EXERCISE DETAILS: Give back, exactly as written, the lines from the first line of the data below through the line with "Papier peint floral", and omit the pictures.
START INPUT
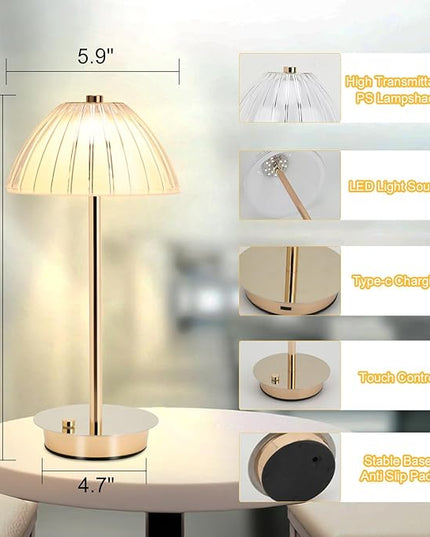 Pumpkin LED Table Bedside Lamp with Touch Sensor, 3 Color Dimmable Cordless Desk Lamp(White/Warm/Natural),USB Rechargeable Night Lamp for Kids Room,Living Room,Bedroom,Study,Office(Gold) - LeafyLoom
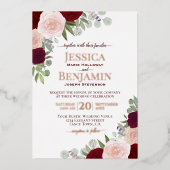 Elegant Red & Roze Floral met Roos Gold Wedding Folie Uitnodiging (Voorkant)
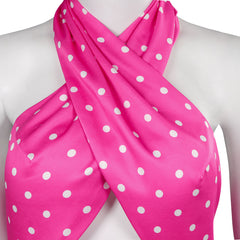 Adulte Film Barbie Robe à Pois Rose Cosplay Costume Halloween Carnaval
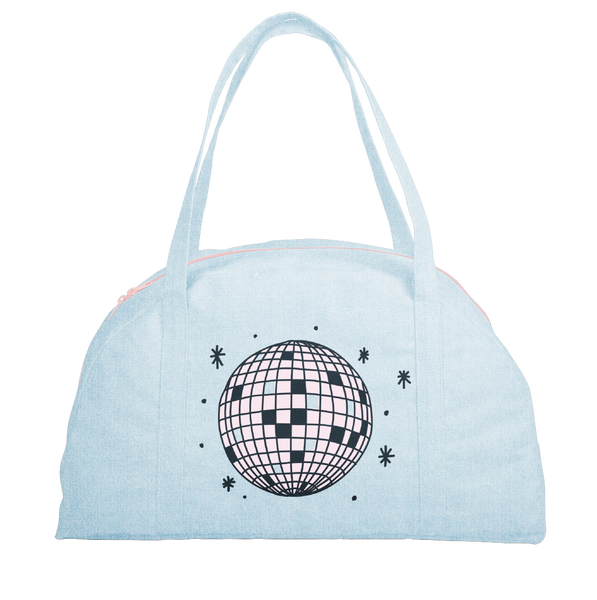 Cute travel tote bag in light denim with pink disco ball design.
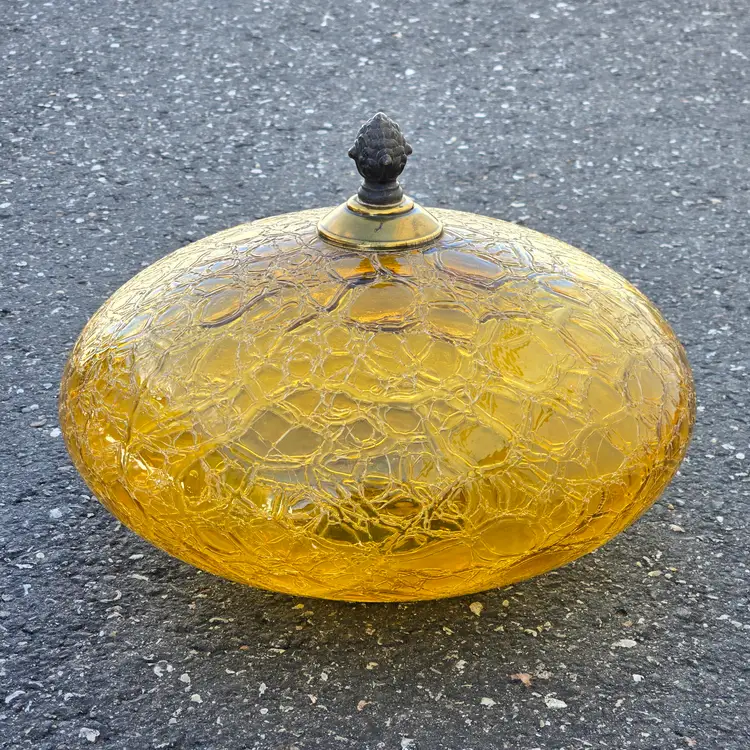 Crackle Glass Amber Globe Ceiling Light & Metal Finial 11" diameter 8” tall 3⅞” Hole Mid-Century Modern Vintage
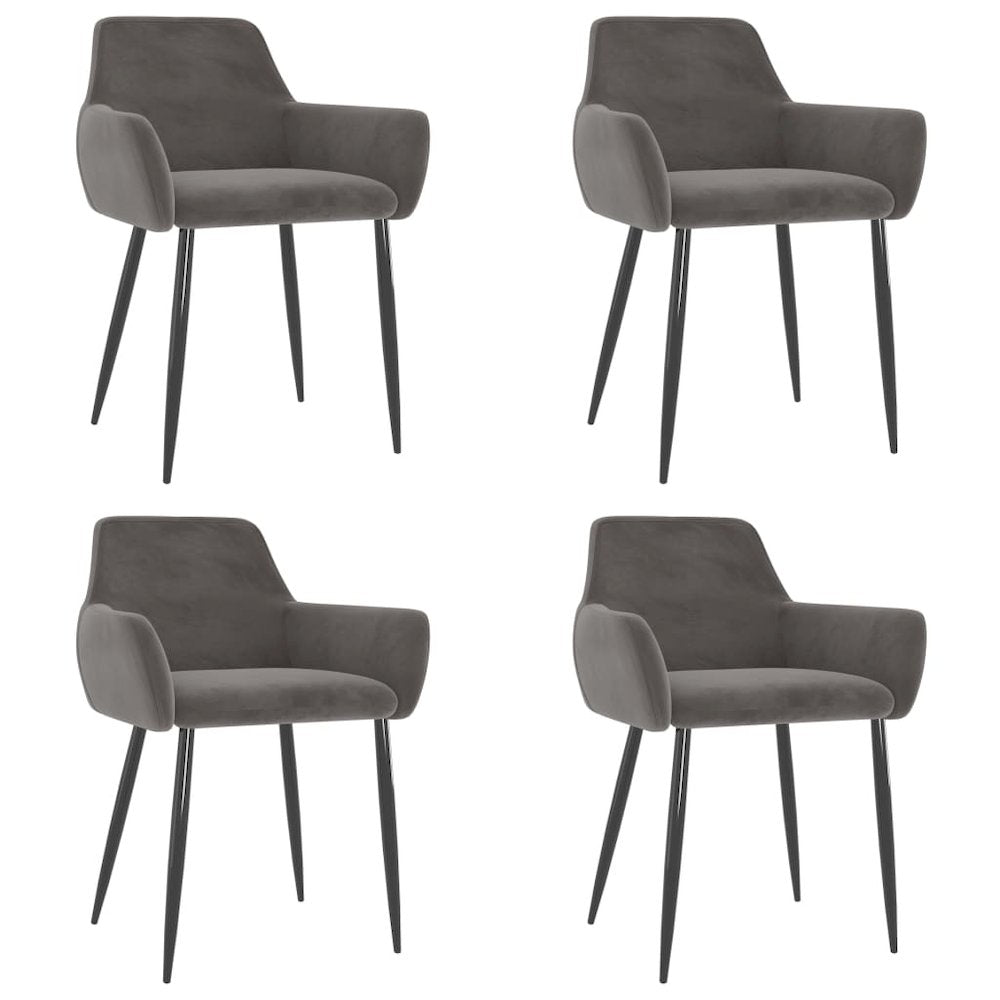 Dining Chairs 4 pcs Dark Gray Velvet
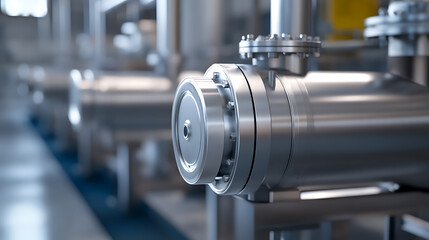 A row of gleaming, metallic industrial pipelines stretch into the distance, their surfaces reflecting light. Each section is connected with bolted flanges, ensuring secure joints.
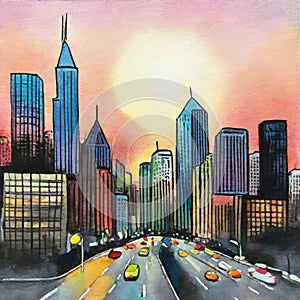Watercolor of City Skyline Sunset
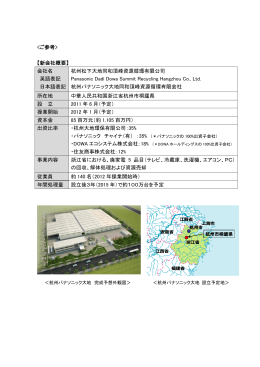 【新会社概要】 会社名 杭州松下大地同和頂峰資源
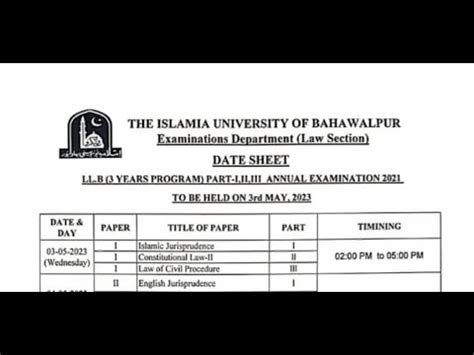 IUB LLB Part 1 2 3 Supplementary Date Sheet 2023 YouTube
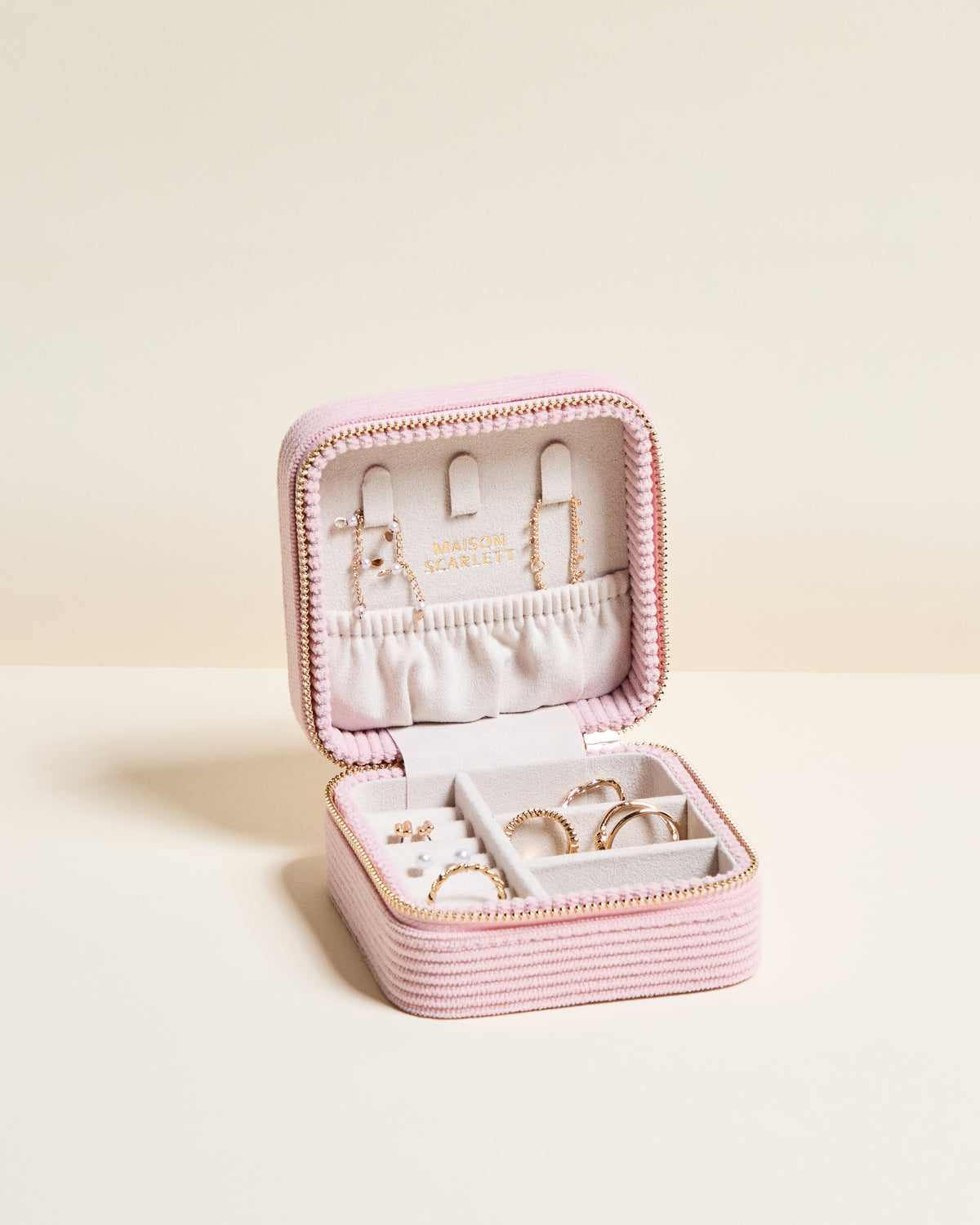 Corinne corduroy travel jewelry box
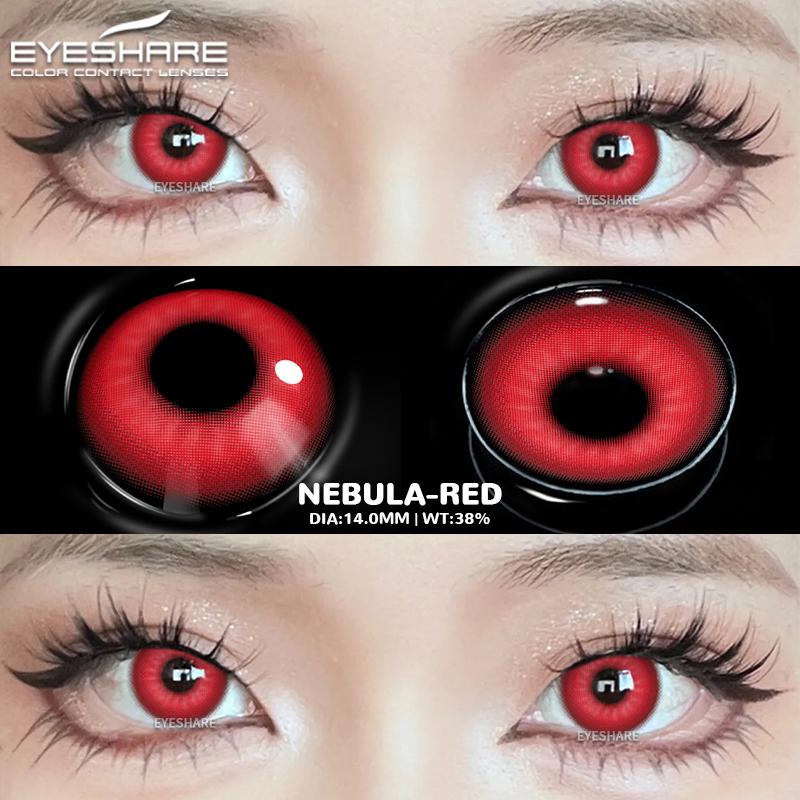 Eyeshare 1 Pair Cosplay Color Contact Lenses for Eyes Anime Accessories Pink Lense Halloween Fashion Cosmetic Pupil Eyes Lenses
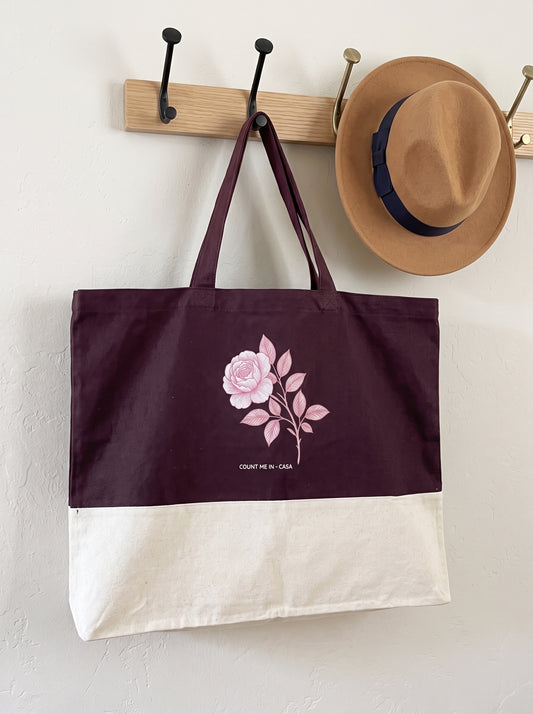 Plum Peony organic cotton shopping bag by Count Me In - Casa hanging on a wall hook
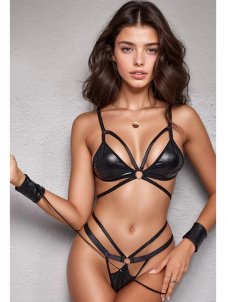 Women Sexy Vinyl Bra Set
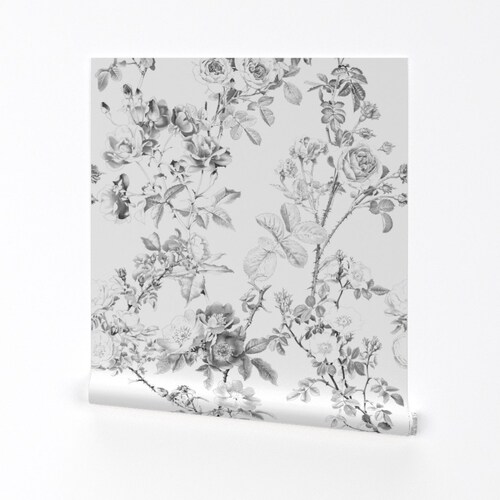 Papier peint floral toile - rose anglaise noir blanc par Peacoquettedesigns - rouleau de papier peint adhésif amovible imprimé personnalisé par Spoonflower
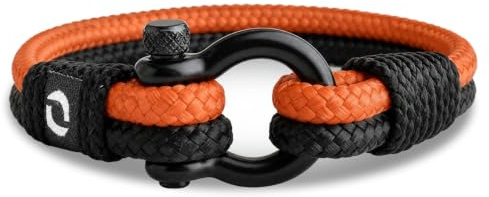 Mens Rope Bracelet - Stainless Steel Black Shackle, Extremely Durable and Scratch Resistant Waterproof Paracord, Handmade, Nautical Wristband for Men, 7.25, Rope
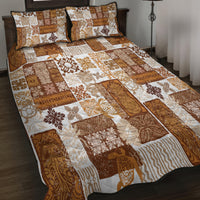 Hawaiian Quilt Quilt Bed Set Tiki Tropical Retro Brown Version LT14 - Polynesian Pride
END INPUT
TASK ANSWER:
 Pumpkin LED Table Bedside Lamp with Touch Sensor, 3 Color Dimmable Cordless Desk Lamp(White/Warm/Natural),USB Rechargeable Night Lamp for Kids Room,Living Room,Bedroom,Study,Office(Gold) - LeafyLoom
 Elegant Red & Roze Floral met Roos Gold Wedding Folie Uitnodiging (Voorkant)
 Adulte Film Barbie Robe à Pois Rose Cosplay Costume Halloween Carnaval
 Cute travel tote bag in light denim with pink disco ball design.
 Crackle Glass Amber Globe Ceiling Light & Metal Finial 11" diameter 8” tall 3⅞” Hole Mid-Century Modern Vintage
 Dining Chairs 4 pcs Dark Gray Velvet
 A row of gleaming, metallic industrial pipelines stretch into the distance, their surfaces reflecting light. Each section is connected with bolted flanges, ensuring secure joints.
Watercolor of City Skyline Sunset
 【新会社概要】 会社名 杭州松下大地同和頂峰資源
 IUB LLB Part 1 2 3 Supplementary Date Sheet 2023 YouTube
 Corinne corduroy travel jewelry box
 Eyeshare 1 Pair Cosplay Color Contact Lenses for Eyes Anime Accessories Pink Lense Halloween Fashion Cosmetic Pupil Eyes Lenses
 Plum Peony organic cotton shopping bag by Count Me In - Casa hanging on a wall hook
 Women Sexy Vinyl Bra Set
 Papier peint floral toile - rose anglaise noir blanc par Peacoquettedesigns - rouleau de papier peint adhésif amovible imprimé personnalisé par Spoonflower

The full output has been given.